Indeed, the idea of home has a specific place in Arenas’ work. From images inspired by his childhood, he weaves an emotionally poignant narrative that speaks to the plight we all face as humans in navigating our way home.
In his current exhibition at Pence Gallery in Davis, aptly titled A Place in Mind, Arenas’ work is a vivid collage of patterns and decorative elements cultivated through his nomadic escapades. The items that comprise each piece are extrapolated from various sources, including traditional, regional Mexican clothing and ceramics, metaphorical images like birds and houses, and navigational symbols, including maps, compasses and ships. Each element alludes to place, direction and the concept of duality.
“I definitely use image as a way of driving meaning,” Arenas explains. “In other words, symbol drives meaning. For example, you may see a bird in one of my pieces, but it’s not just a bird, it’s what the bird is pointing to that a sense of meaning is derived.”
An avid collector of all things inspirational, Arenas says his studio is littered with treasures he’s collected during his nomadic exploits, which include a teaching stint in New York at the Parsons School of Design, as well as exhibitions throughout the United States.
“The collection process is both based on the daily experiences of just being present, I guess,” he explains. “If something catches my eye, I collect it. So my studio is full of little snippets and pieces combined with drawings and sketches and printouts and photographs that I’ve taken.”
Of his artistic process, Arenas says that the beauty of everyday life is his muse, especially when he finds himself navigating through public spaces where a color relationship, a pattern or a texture can provide a solution to a creative problem he’s working through in a particular artwork. He says that through a combination of sketching and drawing and cutting and pasting familiar images that he captures on his camera, compositional possibilities emerge in his painterly work.
“I think that, in some way, this process is why my paintings can read kind of like collage,” he explains. “Lately, what I’ve been doing is making collages and printing out sections that I integrate with drawings and photographs through Photoshop or Illustrator where I continue that exploration of placement and composition. I find that exciting, the back and forth between the digital and analog. I still think of them as being the seeds of an idea.”
While Arenas has experienced success outside of California, both as an artist and professionally as an educator, his ongoing search for community and belonging led him back to his Northern Californian roots in 2017 with his wife and pre-teen daughter in tow.
In returning to Davis and embracing the community, Arenas, in addition to his teaching duties at UC Davis, accepted a position as associate director and chief curator of TANA/Taller Arte del Nuevo Amanecer, a community-centered silkscreen program and extension of the UC Davis Chicana/o Studies program in Woodland.
“I recently worked with a group of students in the program where, throughout the 10-week course, we had in-depth conversations and teased out the themes that they prioritize or issues they want to talk about,” he says. “They learn a great deal in the process about translating their ideas into a sketch and then a design that they paint.

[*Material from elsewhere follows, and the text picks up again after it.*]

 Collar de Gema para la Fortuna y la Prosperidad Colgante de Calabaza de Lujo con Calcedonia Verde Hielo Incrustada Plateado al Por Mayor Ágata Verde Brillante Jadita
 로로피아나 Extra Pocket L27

“It’s been great to come back and explore the medium once again,” Arenas says of returning to one of the first artistic mediums he explored as a student, silkscreening. “I was deep into the painting medium, oil paint in particular, so it’s been great to see how my imagery evolves using that medium.”

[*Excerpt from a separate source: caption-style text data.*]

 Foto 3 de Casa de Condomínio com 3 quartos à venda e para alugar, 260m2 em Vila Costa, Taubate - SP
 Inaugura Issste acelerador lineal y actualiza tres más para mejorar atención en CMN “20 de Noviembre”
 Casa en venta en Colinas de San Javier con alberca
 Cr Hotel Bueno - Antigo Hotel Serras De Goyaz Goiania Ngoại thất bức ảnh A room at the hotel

Through cultivating and encouraging young artists to embrace their cultural heritage and creative passions at TANA and in his ongoing exploration of the symbols and themes in his work, Arenas aspires to continue his exploration of the nuances of cultural duality and the idea of home. This concept is no more apparent than in the vivid confines of one of the pieces currently on display in the Pence show titled, Casa Calli.
“The idea of past and present connect to my experience of trying to form the idea of home through the representation of the modern American track home,” he explains. “And also looking back to my indigenous roots and my Mexican-American mestizo is how I got interested in this subject matter and started thinking about how I would connect them.”

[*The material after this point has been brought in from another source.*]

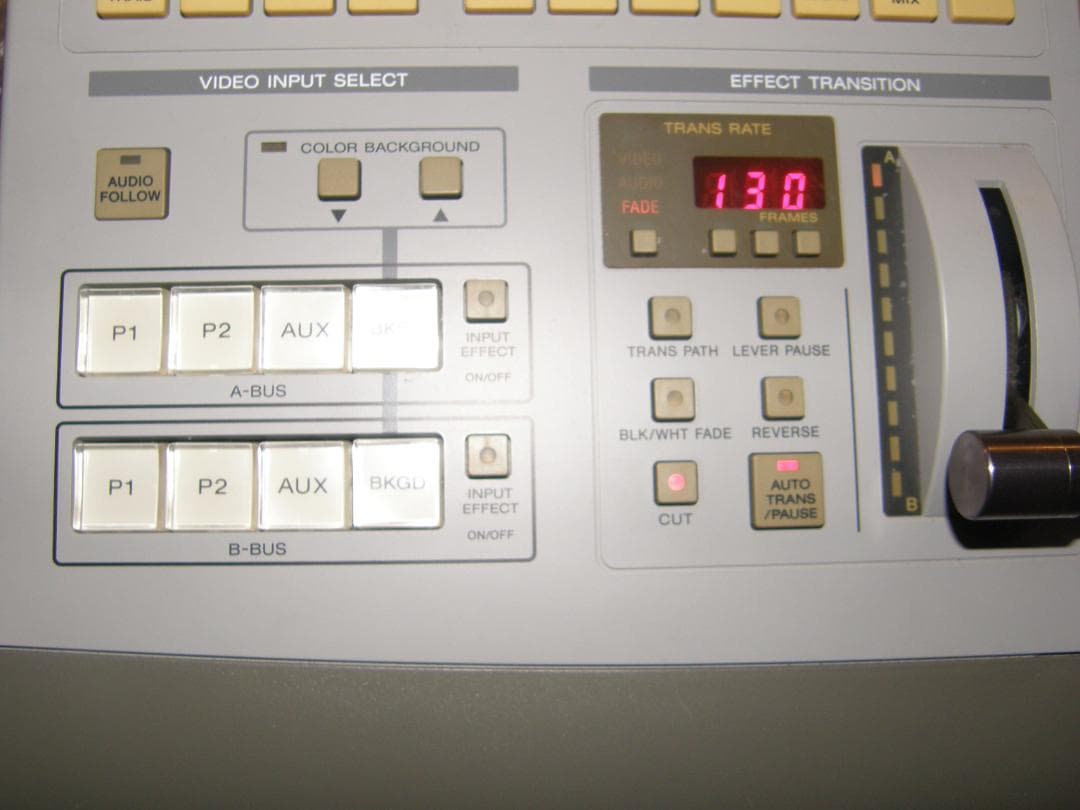 ソニースイッチャーエフェクターオーディオミキサーFXE-120動作品です。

This idea of the Mexican-American mestizo is the driving force that permeates Arenas’ body of work and brings his narrative about place-making into reality. For Arenas, the concept of where we fit in and how we make viable contributions to the world in which we live is the driving force in his work. Indeed, he says that art should be a mirror of that experience.
“As a practicing artist, some people have the feeling that you’re only as good as your last show,” he says. “But my work is the continued excavation of these kinds of symbols and ideas that I’ve been exploring for quite some time. There’s not necessarily a beginning and an end to my work.”
Arenas looks at his current body of work as an extension of his curiosity in exploring how the symbols that comprise our shared cultural heritage impact our relationship to one another.
“When I look at the paintings—I’ve had an opportunity to go to the show and look at it all by myself—the work is actually catapulting me forward in terms of just being inspired and being excited to kind of jump into new things,” he explains. “I can see so many other ways that I can drive relationships between symbols and further explore how I’m pushing paint, at least in terms of technique and exploration.”
José Arenas’ A Place in Mind is on display now through Dec. 6, 2019, at the Pence Gallery (212 D St., Davis). For more info, check out Pencegallery.org. If you’d like to learn more about the artist, go to Josearenas.com.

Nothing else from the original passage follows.